Este recuento muestra un país en el que las condiciones materiales de vida mejoraban rápidamente, partiendo de un nivel muy bajo. Pero no vimos, porque no era el objeto de estudio, el lado oscuro de aquel modelo nacional: la dictadura perfecta, que se disfraza de democracia y nos convierte a todos en agachados, cada vez mejor alimentados, mejor educados, con salud mejor cuidada, etcétera, pero agachados al fin y al cabo, sin información política veraz y sin oportunidades de expresión y acción como ciudadanos conscientes.

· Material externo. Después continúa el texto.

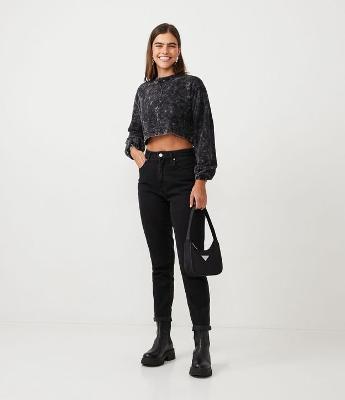 Calça Mom Jeans com Bolsos e Barra Dobrada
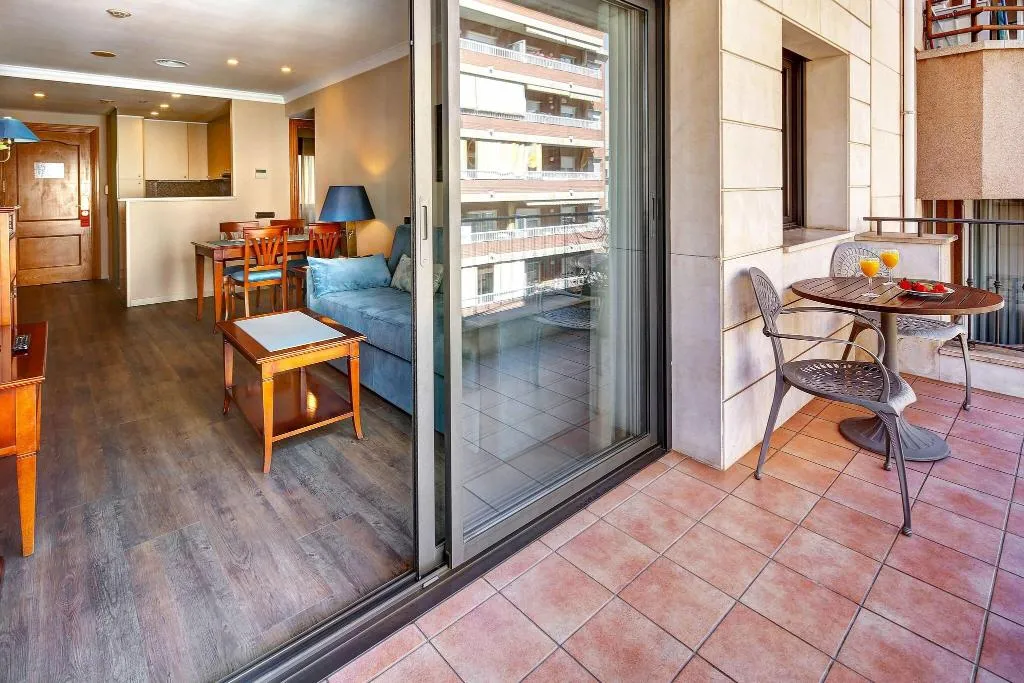 APARTMENT TWO DOUBLE BEDS Room, Hispanos 7 Suiza Apartament-Restaurant, Barcelona
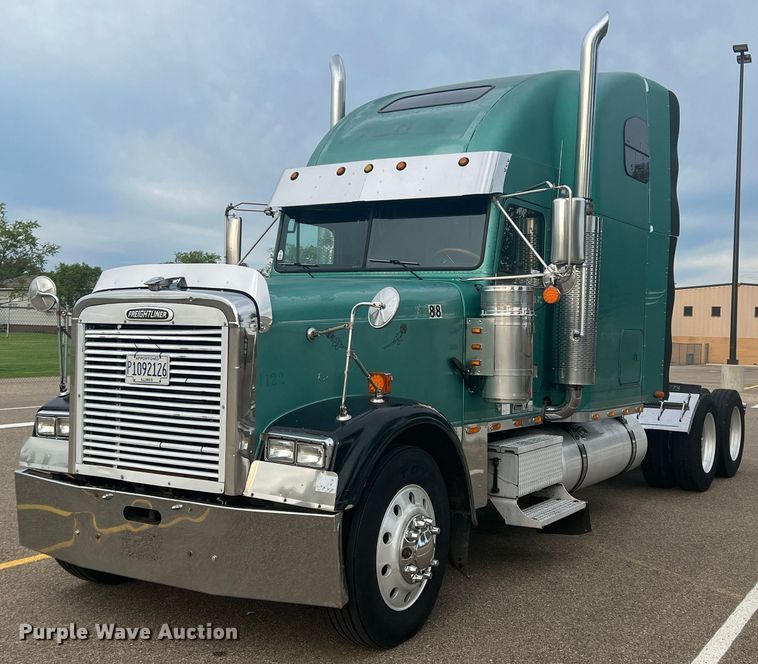 image for item MQ9785 2001 Freightliner FLD  semi truck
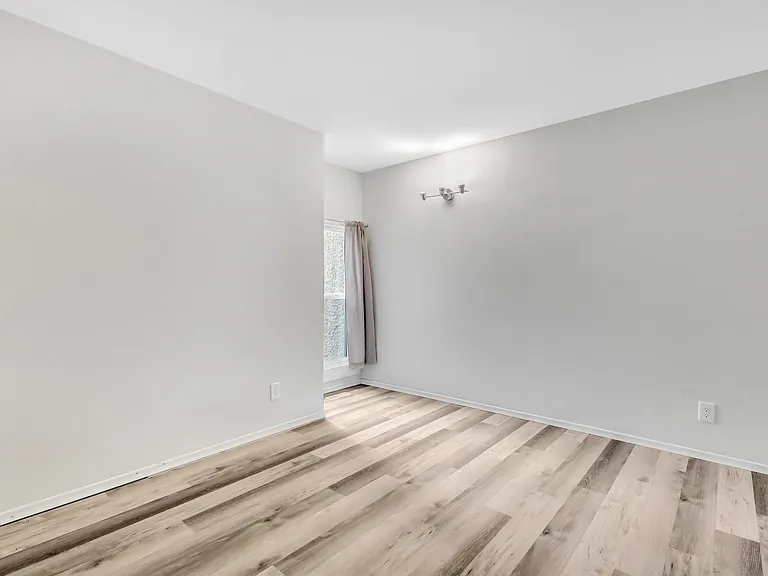 24 Taft Cres — Photo 13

La matrícula de preparatoria y profesional en 1968 era muy pequeña. Los estudiantes de estos niveles éramos una población favorecida por una educación prácticamente gratuita. Estos estudiantes fuimos los militantes del ME68. ¿Por qué una población tan favorecida desplegó la (quizás) más fuerte oposición que la dictadura (casi) perfecta enfrentó en la segunda mitad del siglo XX? ¿Los movimientos populares tienen más posibilidades de surgir cuando se agudizan la desigualdad y la explotación, o cuando disminuyen?

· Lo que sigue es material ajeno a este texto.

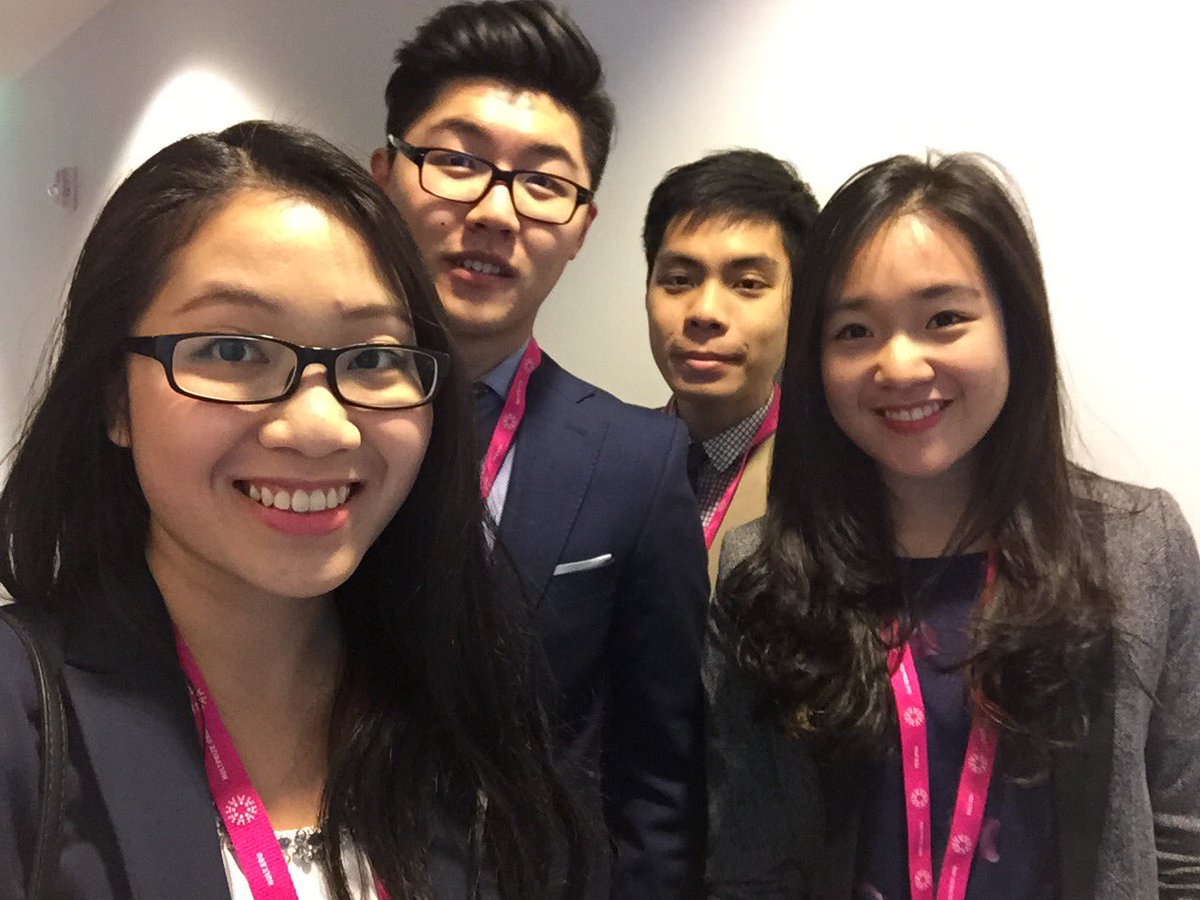 AlexTran1911's tweet photo. Team Schulich in Boston #hp16 @hultprize @SchulichSchool https://t.co/6j0djLqU3X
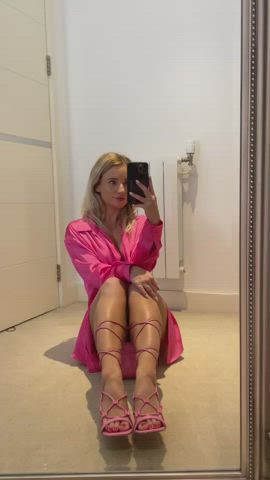 my pussy matches my outfit : video clip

La idea de Marx sobre los trabajadores asalariados como el sujeto revolucionario estaba asociada a la agudización de la explotación en el siglo XIX. Los ultra-explotados, que no tienen nada que perder, se la juegan en un asalto revolucionario. En sentido opuesto, podemos pensar que el ME68, que no luchó por reivindicaciones gremiales sino ciudadanas, necesitaba, para incubarse, condiciones materiales que van mejorando. Que su propia condición de estudiantes, su acceso a libros y revistas, favorece la toma de conciencia. Con Maslow, Heller y Márkus podemos percatarnos que las necesidades menos prepotentes quedan latentes en el individuo agobiado por las necesidades fisiológicas. Cuando una persona está hambrienta, decía Maslow, se convierte en un organismo hambriento, que sólo piensa y sueña en alimentos. Cuando tenemos de manera permanente satisfechas estas necesidades, pueden emerger otras necesidades más altas, motivarnos y movilizarnos.

En la terminología de Marx, las necesidades radicales juegan un papel similar a las de las necesidades superiores en Maslow. La lucha central del ME68 fue por las libertades democráticas. La democracia plena como necesidad, es una necesidad radical del individuo desarrollado.